Vivimos tiempos de profunda depresión ante la evolución de la situación política. Es difícil encontrar un solo gesto que genere esperanza. Por eso me animo a recordarles que ayer fue el 34 aniversario de un día glorioso para todos los europeos que amamos la libertad. El 19 de agosto de 1989 fue el día de la gran evasión. Pero no estoy hablando de La gran evasión narrada en el cine por el gran John Sturges con actores de primera línea como Steve McQueen, James Garnes, Charles Bronson y Richard Attenborough. Estoy hablando del gran golpe que se dio ese día al Imperio Soviético en Sopron, localidad en la frontera entre Hungría y Austria.

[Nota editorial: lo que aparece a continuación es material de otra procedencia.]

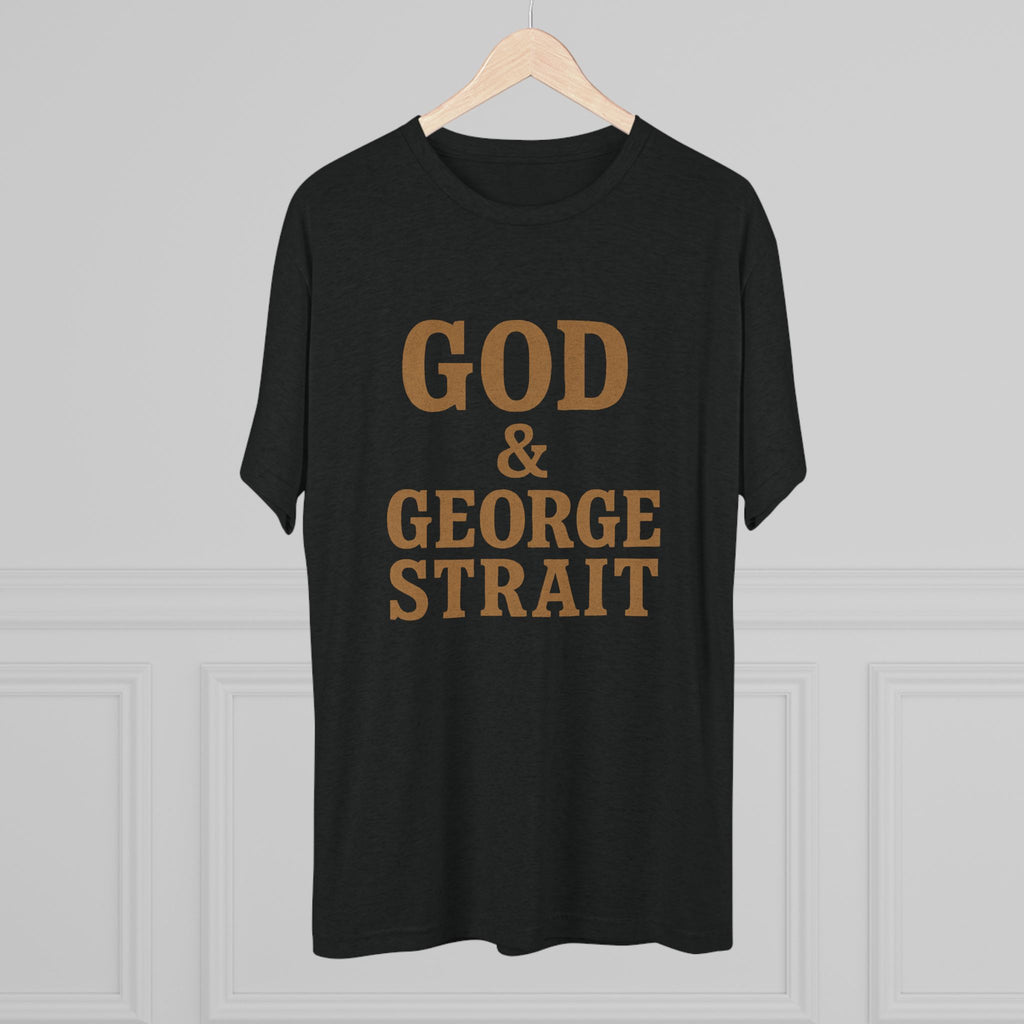 God and George Strait - Tri-Blend Crew Tee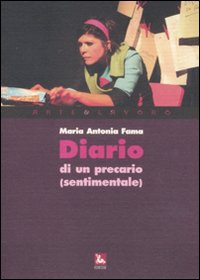 Diario di un precario (sentimentale)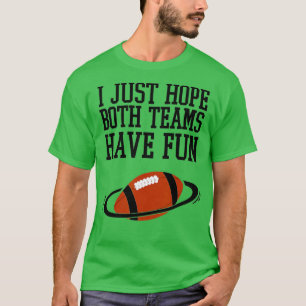 Ich hoffe nur, dass beide Mannschaften Spaß haben  T-Shirt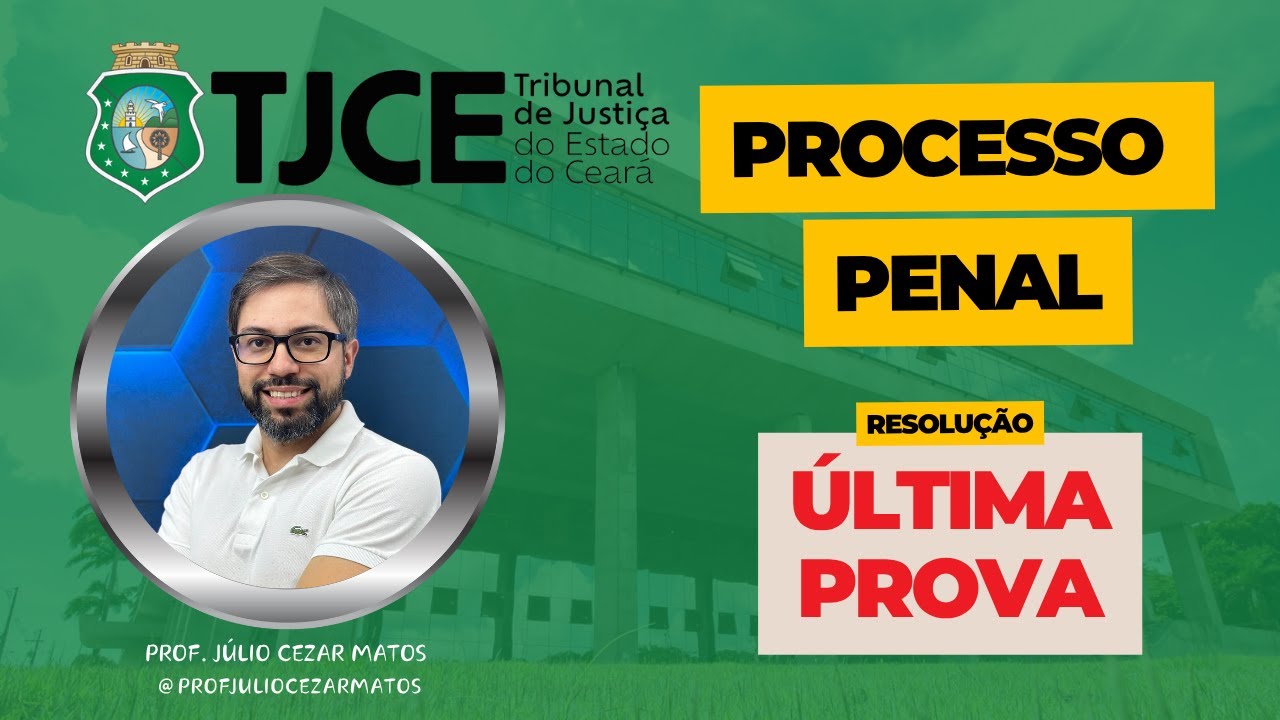 TJCE | Processo Penal | Detonando | Prof. Júlio Cezar Matos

Convocados por la Unión Paneuropea que presidía el archiduque Otto de Habsburgo se concentraron allí cientos de alemanes de la República Democrática. Porque hay que explicar a nuestros jóvenes que entonces había dos Alemanias: la República Federal, que era la Alemania Occidental y democrática, y la República Democrática, que era la oriental y dictatorial. Porque con la izquierda ya se sabe que te mienten hasta en su nombre. Y contra toda lógica, esa República Democrática impedía la libertad de movimientos. Y los alemanes del Este tenían prohibido cruzar la frontera y dirigirse a la Alemania Occidental. Para impedir esos movimientos se construyó el Muro de Berlín y el Telón de Acero.

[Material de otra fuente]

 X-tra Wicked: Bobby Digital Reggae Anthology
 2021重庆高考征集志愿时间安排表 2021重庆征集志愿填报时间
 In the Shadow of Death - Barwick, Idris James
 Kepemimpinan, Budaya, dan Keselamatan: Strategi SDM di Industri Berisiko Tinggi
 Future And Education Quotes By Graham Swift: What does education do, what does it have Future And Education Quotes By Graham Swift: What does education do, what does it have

Y en medio del derrumbe de la República Democrática por la pobre calidad de vida, sus ciudadanos empezaron a huir. Se refugiaban en embajadas occidentales en cualquier país de Europa Central. Empezó su gobierno a impedirles ir a algunos vecinos que no ayudaban con la represión como Checoslovaquia y Polonia. Pero tenían la certeza de la firme alianza del gobierno de Hungría. El archiduque Otto consiguió que sus amigos en el gobierno húngaro, a los que había convencido para que desde 1984 estuvieran haciendo una legislación compatible con la de la Comunidad Económica Europea, permitiesen una concentración en Sopron, en la frontera con Austria, pidiendo por la unidad de Europa. Su representante en el acto fue su hija menor, la archiduquesa Walburga, quien tras pronunciar unas palabras se acercó a la malla que fue el Telón de Acero y con cizallas empezó a cortarla hasta que la abrió. Nada menos que 661 ciudadanos de Alemania Oriental huyeron ese día a Austria por Hungría. Fue una puñalada en el corazón del régimen soviético que se desmoronó en cuatro meses.

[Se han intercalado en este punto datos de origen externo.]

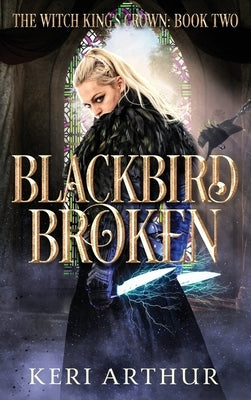 Blackbird Broken by Arthur, Keri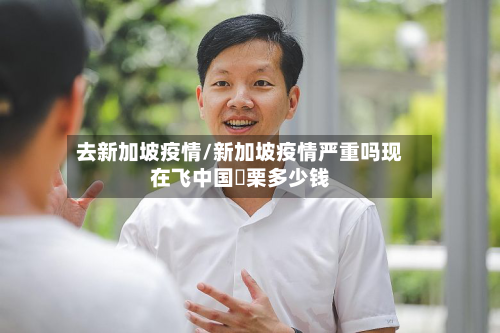 去新加坡疫情/新加坡疫情严重吗现在飞中国朹栗多少钱-第3张图片
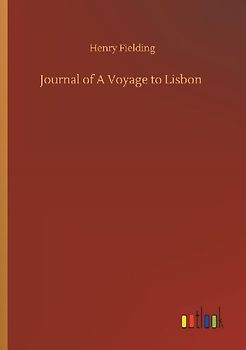 Journal of A Voyage to Lisbon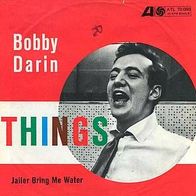 7"DARIN, Bobby · Things (RAR 1962)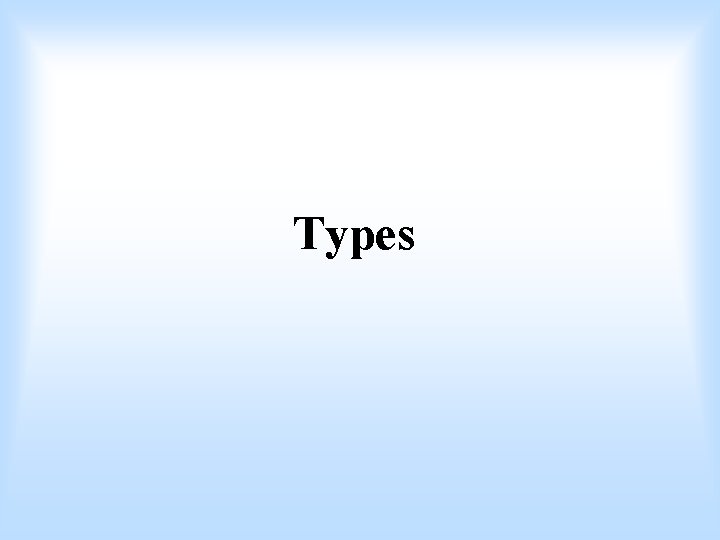 Types 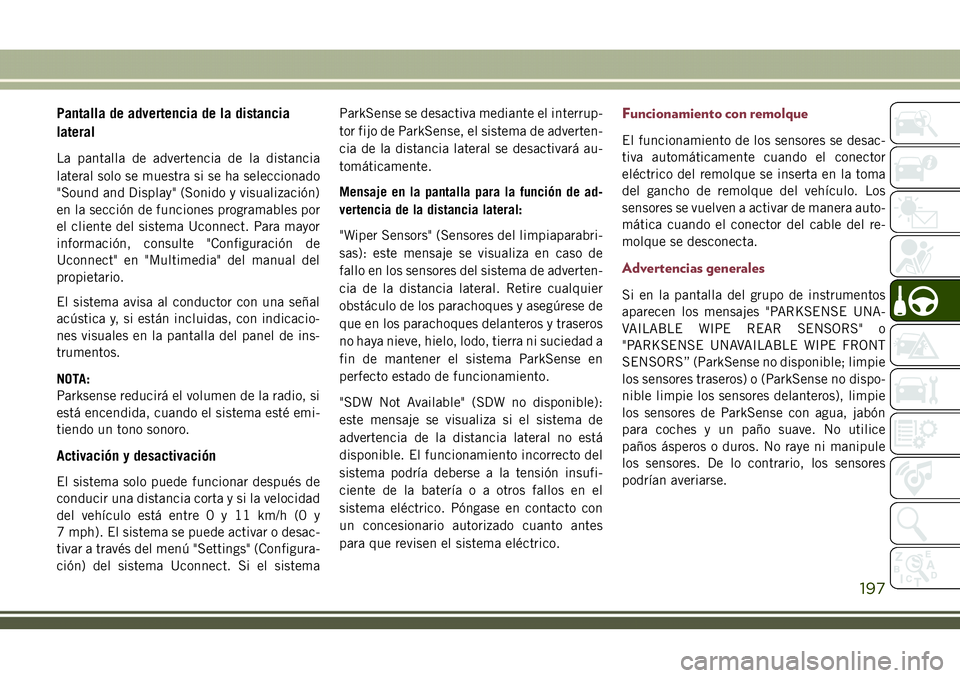 JEEP COMPASS 2018  Manual de Empleo y Cuidado (in Spanish) Pantalla de advertencia de la distancia
lateral
La pantalla de advertencia de la distancia
lateral solo se muestra si se ha seleccionado
"Sound and Display" (Sonido y visualización)
en la sec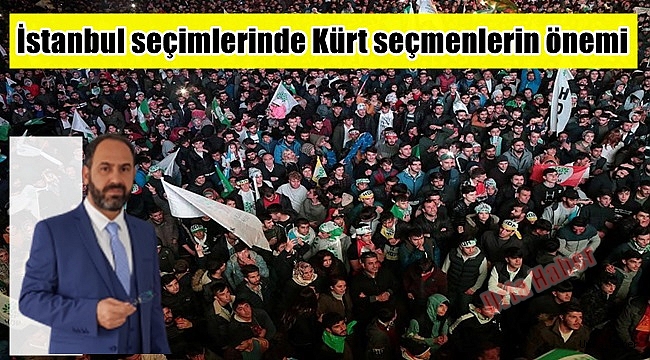 İstanbul seçimlerinde Kürt seçmenlerin önemi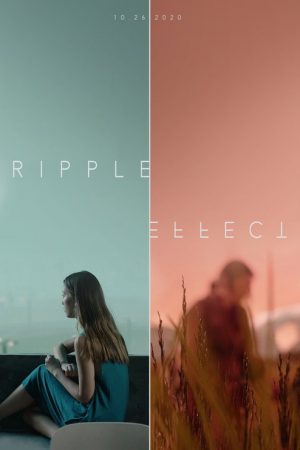 Ripple Effect (2021) poster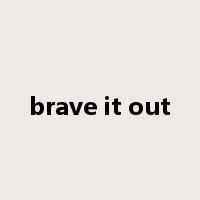 brave it out是什么意思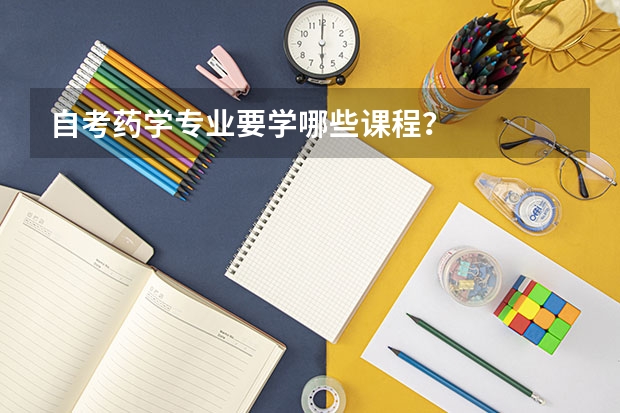 自考药学专业要学哪些课程?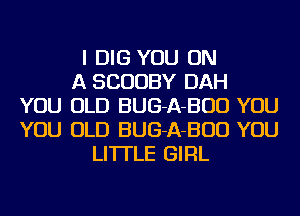 I DIG YOU ON
A SCUUBY DAH
YOU OLD BUG-A-BUD YOU
YOU OLD BUG-A-BUD YOU
LI'ITLE GIRL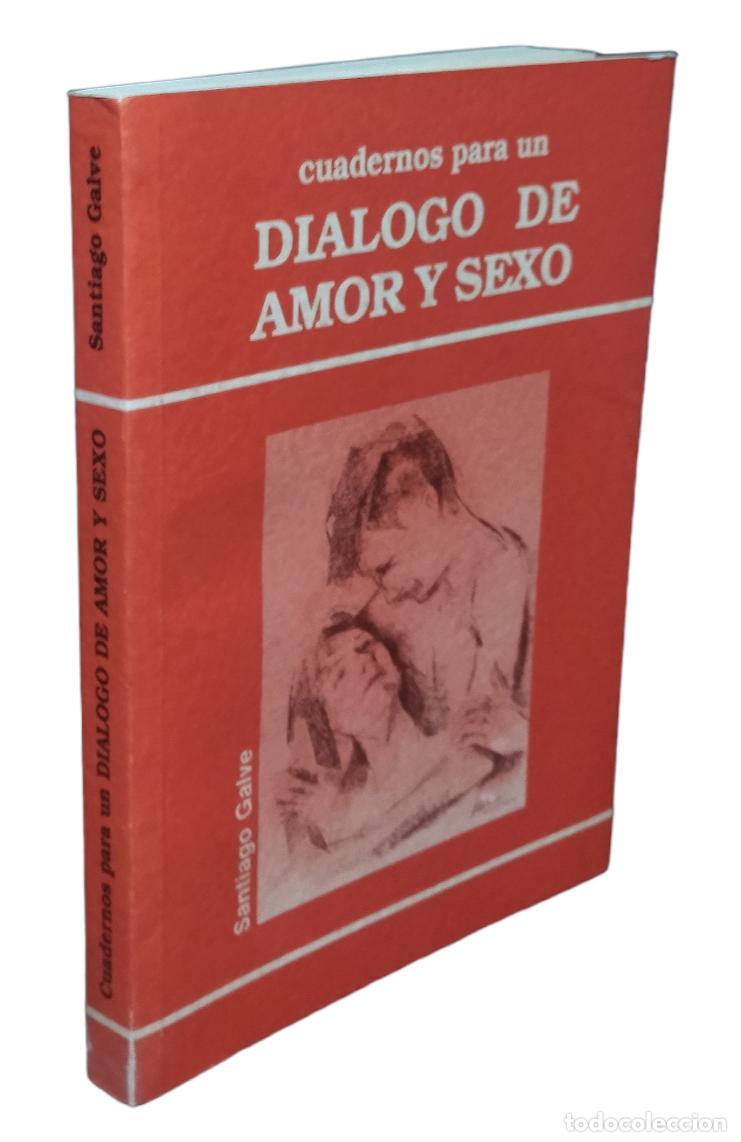 cuadernos para un dialogo de amor y sexo / sant - Compra venta en  todocoleccion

Aquel fue un momento de gloria para los amantes de la libertad. Rusia recibió un golpe decisivo que frenó el imperialismo que le caracteriza, ya sea con los zares, con el comunismo o con Putin. Y lo recibió en el país que ya le había dado el primer golpe con su alzamiento de 1956 contra el comunismo.

Yo creo que es muy importante recordar aquel «Picnic paneuropeo» aunque sea en un aniversario tan poco redondo como el trigésimo cuarto porque vivimos de nuevo la amenaza del imperialismo ruso. Putin quiere recuperar el control sobre Europa Central. Los occidentales, con nuestra capacidad de acomodamiento y falta de espíritu de sacrificio, podemos acabar rindiéndonos. Pero como Rusia es una dictadura, Putin impondrá la guerra a sus súbditos. Especialmente a sus ciudadanos asiáticos, de regiones ignoradas por los medios de comunicación occidentales.

Como muy bien ha recordado Rainhard Kloucek, desde la Sociedad Europea Coudenhove-Kalergi, «Sólo hay un país miembro de la UE y de la OTAN que no parece tener problemas en aceptar, haciendo un llamamiento a un alto el fuego inmediato, que uno de sus países vecinos vuelva a estar -al menos parcialmente- ocupado por un ejercito asesino y colonial. Probablemente sea una ironía histórica que el primer ministro de ese país estuviera entre los que celebraron en 1989 el final de la presencia de las tropas coloniales rusas en Budapest».

Yo tengo un gran respeto por las políticas de Víctor Orbán en su propio país y creo que una voz crítica dentro de la Unión Europea puede ser muy positiva. Pero su posición en la guerra de Ucrania es una traición al legado de libertad que ha representado Hungría a lo largo de siglos.